Attenzione, spoiler alert:
Questo post è stato scritto appena dopo il fischio finale della partita. Declino ogni responsabilità se esso non rispetta la pubblica decenza.
Ci sono momenti, nella vita di una donna, in cui piangere davanti alla televisione è un rito di passaggio. Non è Titanic, non è il diario di Bridget Jones. É l’Italia che batte la Francia al Sei Nazioni. Sì, la Francia, quella che meritava di vincere contro gli All Blacks alla finale della Coppa del Mondo di rugby 2011. La stessa Francia che si è mangiata Australia, Argentina e Samoa nei test match di novembre. La stessa Francia che domenica si è inchinata ai nostri Azzurri, vittoriosi all’Olimpico per 23 a 18.É il mio primo Sei Nazioni da immigrata in Inghilterra, per me è tutto nuovo: niente stadio, niente Roma, niente amici con cui soffrire per ottanta minuti. Alla meglio mi sarei accontentata di un pub, di un manipolo di inglesi pronti a guardarmi dall’alto in basso e di una BBC dal commento “fazioso”, perché siamo italiani e quindi non capiamo niente di rugby.
E invece.
E invece abbiamo messo il muto durante la Marsigliese, perché se è vero che il rugby è uno sport di valori, e io sono sempre stata un tipo sportivo e dall’esemplare fair play, per una volta il televisore andava messo muto. Scusate, amici francesi.

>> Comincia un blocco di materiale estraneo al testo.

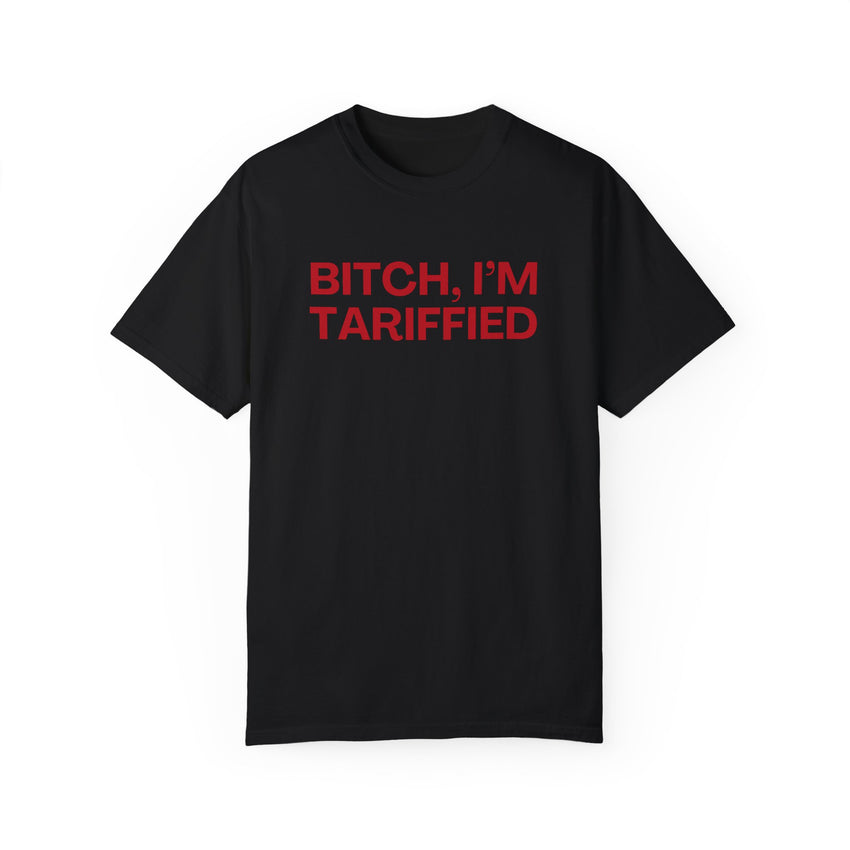 Bitch I'm Tariffied - Unisex Comfort Colors Tee | Lizzo Inspired SNL Tee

L’Italia è partita forte, fortissima. E al solito si pensava: «Eh, ora tocca soffrire nel secondo tempo, perché i nostri cedono, come da copione.» e invece no.

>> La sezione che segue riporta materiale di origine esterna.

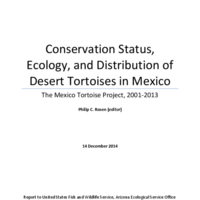Conservation Status, Ecology, and Distribution of Desert Tortoises in Mexico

Non avevo mai visto un’Italia così. La Francia è rimasta a guardare, ha provato a fare qualcosa, ma Brunel ci aveva avvertito: «Dobbiamo imporre il nostro gioco, non subire quello avversario» aveva detto un po’ di tempo fa. Ed ecco che il pirenaico ha tirato fuori dal basco un’Italia prepotente e determinata, capace di sciogliere ogni nodo psicologico che l’ha sempre fregata, in un modo o nell’altro.
E se il (grande) merito di Jacques Brunel è di aver fatto fare all’Italia quel salto di qualità a cui in molti ormai non credevano più, il merito sul campo va a quei 23 giovanotti con le spalle larghe e i femorali ipertrofici che hanno pestato l’erba dell’Olimpico. Nelle mete di Parisse e Castrogiovanni c’è tutta la squadra, dai placcaggi di Favaro e Minto alla nostra mischia regale, passando per i trequarti che osano e giocano. E sembrano divertirsi, come forse non si era visto mai.
E poi ci sono i 78 kg di Luciano Orquera, il Man of The Match, che con le ultime prestazioni in azzurro ha dato un paio di schiaffoni sonori a tutti i suoi detrattori. Ora, non so se Lucianino ha bevuto una pozione segreta oppure se il coach gli ha lasciato campo libero per fare quello che vuole, e lui ha iniziato davvero a fare quello che voleva, inventando cose e leggendo linee di corsa che manco Conrad Smith, a momenti.
Però l’importante è che giochi sempre così. Se qualcuno in lettura lo incontra, per favore, gli dia un bacetto da parte mia.
I commentatori della BBC hanno mostrato grande rispetto nei confronti dei nostri*. Finalmente, anche gli inglesi ci prendono sul serio, e vi pare poco. Non vedo l’ora di vedere le facce dei miei colleghi francesi, che tanto mi perculavano sabato sera.
Mia sorella ha guardato il secondo tempo con il commento francese, e ha detto che anche loro hanno ammesso la nostra bravura, con grande sportività. E quasi quasi mi pento di aver messo il muto alla tv durante il loro inno.
Anche Sir Wilkinson ci ha detto bravi. Anche lui, il più grande di tutti i numeri 10.
Tutti si sperticano in grandi complimenti per l’Italia del rugby, ora. Che bello.
Sembra uno slogan elettorale, ma è vero: è tempo di dire basta per sempre alle sconfitte onorevoli. Siamo diventati grandi e maggiorenni. É come se ora avessimo preso la patente sapendo che non si deve bere, se si deve guidare.
É arrivato il tempo della consapevolezza, per l’Italia del rugby.
Ed era anche ora. Avanti così, ragazzi.
Photo credit Andrea Masi
*Inutile dire che quelli della BBC erano un gradino sotto Sky Italia, e quindi sentivamo Munari parlare e urlare come una taccola! Vittorio, meno male che esisti.